“There’s a song that’s been proven to reduce anxiety by 65%,” reads text on a graphic circulating on Facebook in South Africa. “It’s called Weightless by Marconi Union, and it was specifically designed to slow your heart rate, reduce blood pressure, and lower cortisol levels.”
Cortisol is our main stress hormone, which raises the level of sugars in our bloodstream and improves the brain’s ability to use those sugars, and increases the availability of substances that help repair tissues.
It also “curbs functions that would be nonessential or harmful in a fight-or-flight situation,” says the US-based Mayo Clinic.
“This complex natural alarm system also communicates with the brain regions that control mood, motivation and fear.”
The graphic has been viewed more than 23,000 times in just 24 hours. But Facebook’s fact-checking system has flagged it as possibly false. What’s the truth here?
One of Time’s top 50 inventions of 2011
Marconi Union are an English musical trio made up of Richard Talbot, Jamie Crossley and Duncan Meadows.
After measuring the level of relaxation in activities such as drinking tea, taking a walk, playing video games, getting a massage and listening to music, the study found that the track Weightless induced the greatest relaxation score.
“Weightless managed a relaxation score of 73%. This equates to an increase over other music of nearly 11% as well as a 6% increase over the massage.”
Time magazine included the song in a list of the 50 best inventions in 2011.
Can music reduce blood pressure and cortisol levels?
An article by Harvard Medical School examines the role of music in healing.
“Surgeons have long played their favourite music to relieve stress in the operating room, and extending music to patients has been linked to improved surgical outcomes,” it reads.
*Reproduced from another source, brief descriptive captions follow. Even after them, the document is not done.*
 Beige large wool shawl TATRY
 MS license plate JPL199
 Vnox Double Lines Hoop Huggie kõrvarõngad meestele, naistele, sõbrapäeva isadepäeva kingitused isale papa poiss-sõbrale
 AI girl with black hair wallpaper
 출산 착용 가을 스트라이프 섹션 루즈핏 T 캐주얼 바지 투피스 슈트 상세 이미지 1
But what can it do for blood pressure and cortisol levels? One study found that listening to a certain type of music could serve to reduce high blood pressure. This means music therapy “may be an alternative for hypertension treatment”.
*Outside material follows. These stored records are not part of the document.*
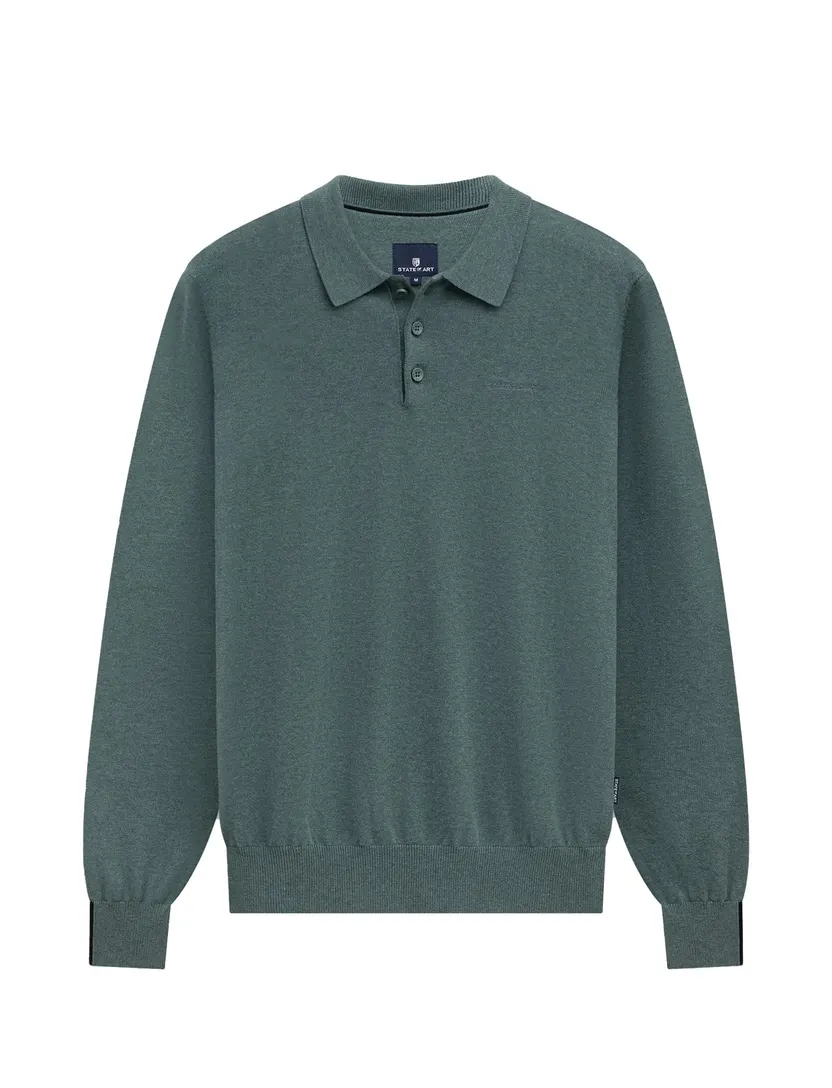 Poloshirt State of Art donkergroen gemeleerd stretch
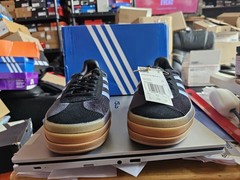 adidas Originals Gazelle Bold J Black Light Blue Suede Low Top Kids US 5 JR5965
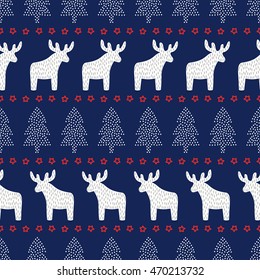 Christmas seamless pattern. Cute Christmas background - Xmas trees, deers and stars. Scandinavian sweater style. Design for textile, wallpaper, web, wrapping paper, fabric, decor etc.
Another small study reviewed by the British Heart Foundation found that in order for music to reduce blood pressure in some patients, the music should “have no lyrics, have few changes in volume or rhythm, have harmonies that ‘are not rousing’, and that certain parts of the music should be repeated in intervals”.
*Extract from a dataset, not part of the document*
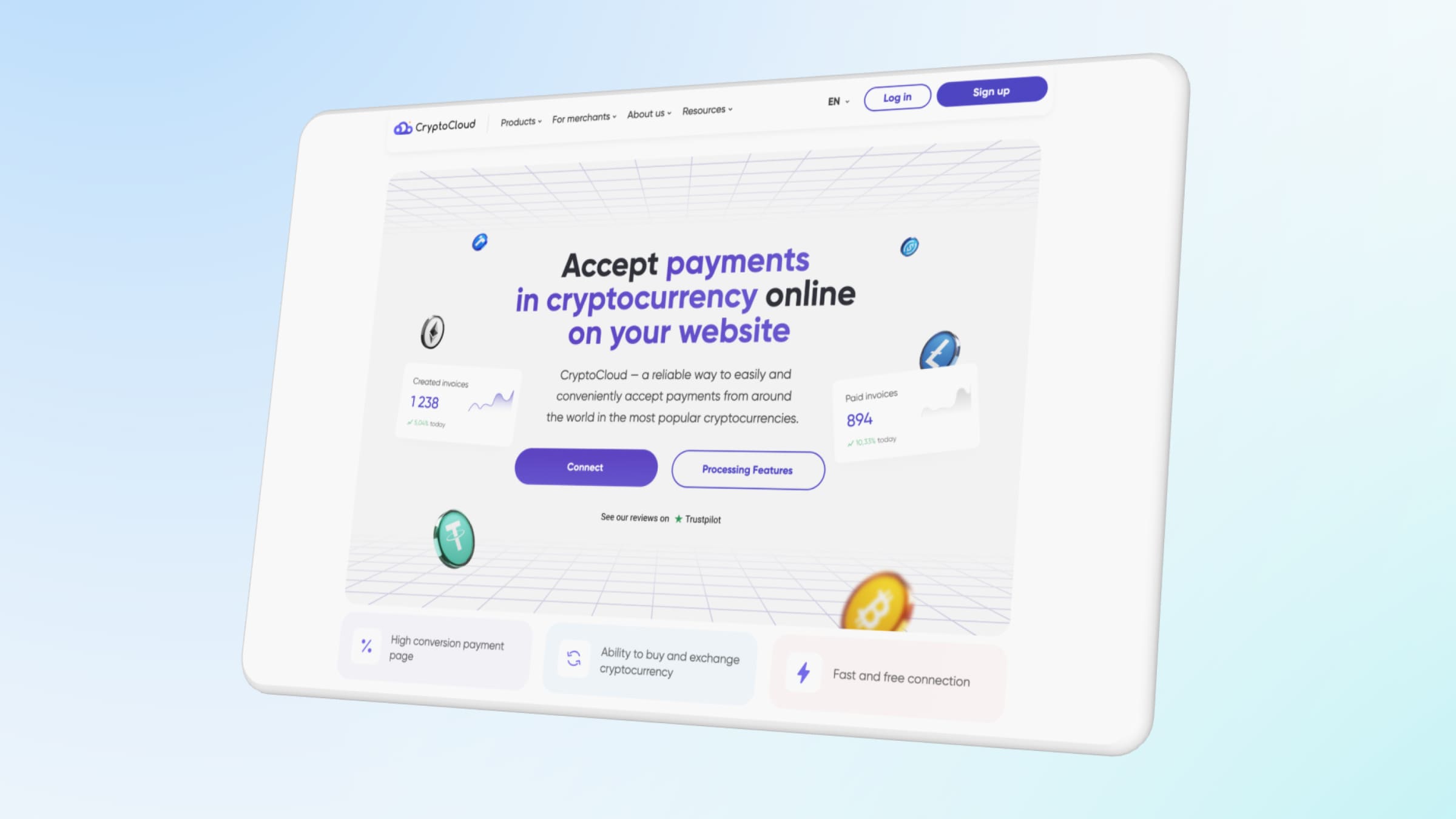 CryptoCloud automatically converts amounts to be paid and verifies transactions.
The University of Nevada says that current findings “indicate that music around 60 beats per minute can cause the brain to synchronise with the beat causing alpha brainwaves” – the brainwaves present when we relax.
“To induce sleep, a person may need to devote at least 45 minutes, in a relaxed position, listening to calming music.”
Researchers at Stanford University also note that “listening to music seems to be able to change brain functioning to the same extent as medication”.
Medical News Today, a web-based outlet for medical information and news, says that music has shown to reduce stress hormones, such as cortisol levels.
It cites a small study that looked at the levels of cortisol after not only listening to music in a controlled setting but also at a live concert.
Yes, some studies suggest that instrumental songs like Weightless can reduce anxiety, high blood pressure and cortisol levels.